SOUTHAMPTON – Scott McKee has always been willing to step up and help people in his community. He never expected to be the one in need.
The long-time Southampton Service Centre owner received a traumatic head injury while working on a tractor this past summer, an injury he is still trying to recover from. Meanwhile, the bills keep coming, and the community offered him a helping hand this past weekend.
“I know what it’s like being an entrepreneur – difficult and stressful,” said Brad Siddall, who owns and operates Runaway Lane Farms up the street. “When you add an injury like what happened to Scott to the mix, it’s near impossible.”
It was July 28, and McKee was working at his garage just like any other day. He had been tuning up an antique tractor for one of his customers, and the tractor had a three-point hitch in the rear that could be manually lifted and lowered with a large lever. The lever was powered by two large springs.

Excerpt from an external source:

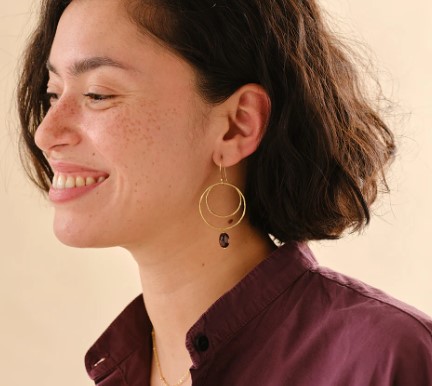 Enjoyable Garnet Earrings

McKee was looking over the back wheel of the tractor to see about another job he was going to do on it, when he accidentally placed his hand on the lever, and it released.
“It came back and hit me in the head, and the nose piece of my glasses broke a piece out of my nose and shoved it up into my brain,” he said. “It knocked me down and I stood up, blood was coming everywhere, and I fell down. When I went to get up the second time, the lights went foggy, and I fell again… the next thing I remember was waking up in Halifax.”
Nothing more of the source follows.